Am 17.07.2006 um 18:39 schrieb Kevin Windham:


On Jul 17, 2006, at 10:48 AM, Stefan wrote:


Am 17.07.2006 um 14:11 schrieb Jeff Ayling:

Hi All,

I'll start off with the situation ....

I have built an RB web server which is required to serve around 100 small images via a single html page (the html page and all images are being served via the RB web server). Although the images are loading in the browser they seem to load one at a time even though Safari and most browsers are able to request and display a number ( often 4 or 8) of images at once. It seems that my RB web server is not able to receive and respond to more than one request at a time.

You need to handle keep-Alive sessions. If you don't handle this correctly, your server or the clients opens and closes a TCP connection for each image. While the browser might try to handle many sessions in parallel, your RB app
is likely to establish new connections not as fast as possible.
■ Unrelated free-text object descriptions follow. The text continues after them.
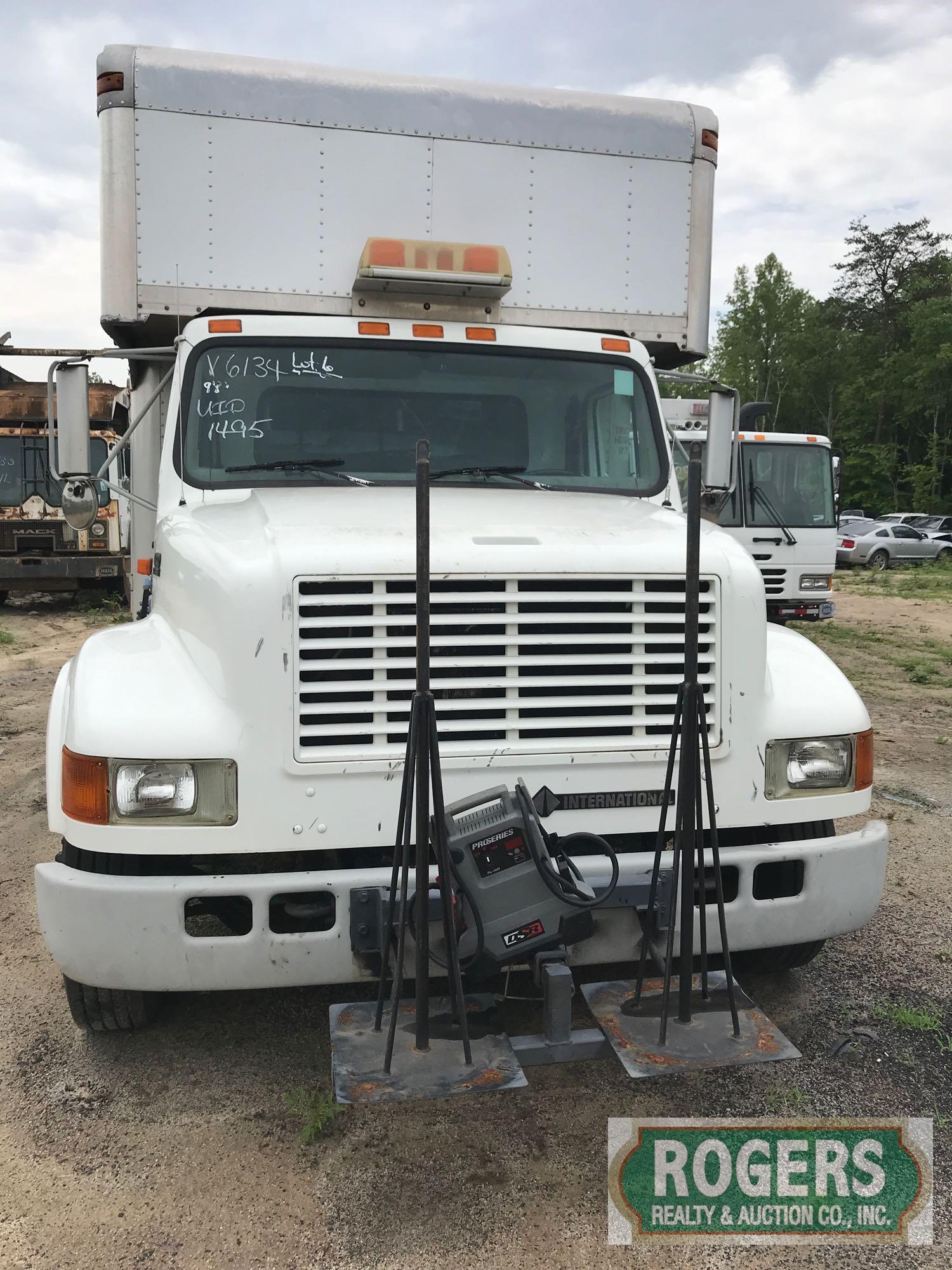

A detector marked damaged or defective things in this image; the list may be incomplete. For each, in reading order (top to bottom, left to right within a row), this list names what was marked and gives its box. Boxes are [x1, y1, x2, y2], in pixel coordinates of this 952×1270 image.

rusty steel plate [330, 991, 531, 1102]
rusty steel plate [586, 970, 802, 1082]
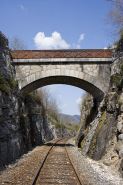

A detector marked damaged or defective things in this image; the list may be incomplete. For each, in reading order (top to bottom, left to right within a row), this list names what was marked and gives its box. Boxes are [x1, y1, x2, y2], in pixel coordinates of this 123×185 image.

rusty rail surface [30, 138, 82, 184]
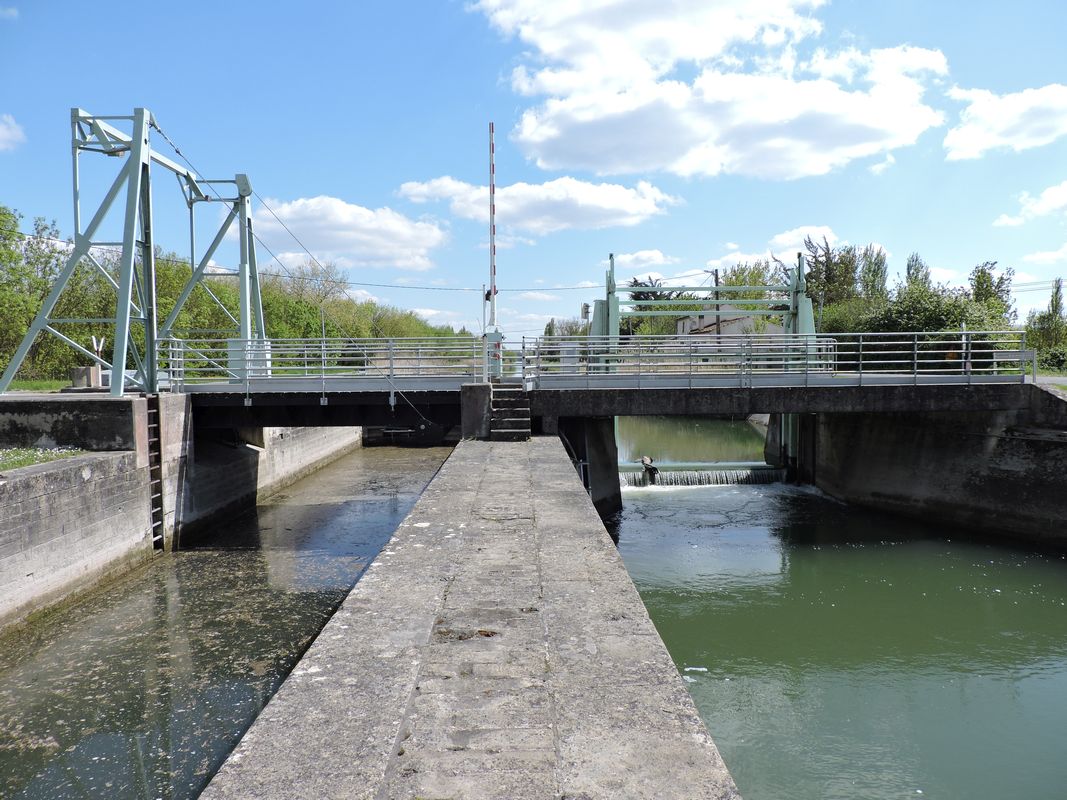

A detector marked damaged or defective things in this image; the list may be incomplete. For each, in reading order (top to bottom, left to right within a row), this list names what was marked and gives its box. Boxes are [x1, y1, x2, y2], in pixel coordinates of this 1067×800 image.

I think Stefan has probably surmised correctly. In the HTTP 1.1 protocol keep-alive is the norm. If your server responds as a 1.1 server then the client will assume it can pipeline multiple requests into the existing socket connection. Your server will need to handle this pipelining properly to get the best speed. You can look at the http rfc for more info, or just capture some packets from the same page being requested from apache, and that should help you get an idea of how it works.

I'd propose to trace the creation of TCP sockets some way. This should
bring evidence to the behaviour.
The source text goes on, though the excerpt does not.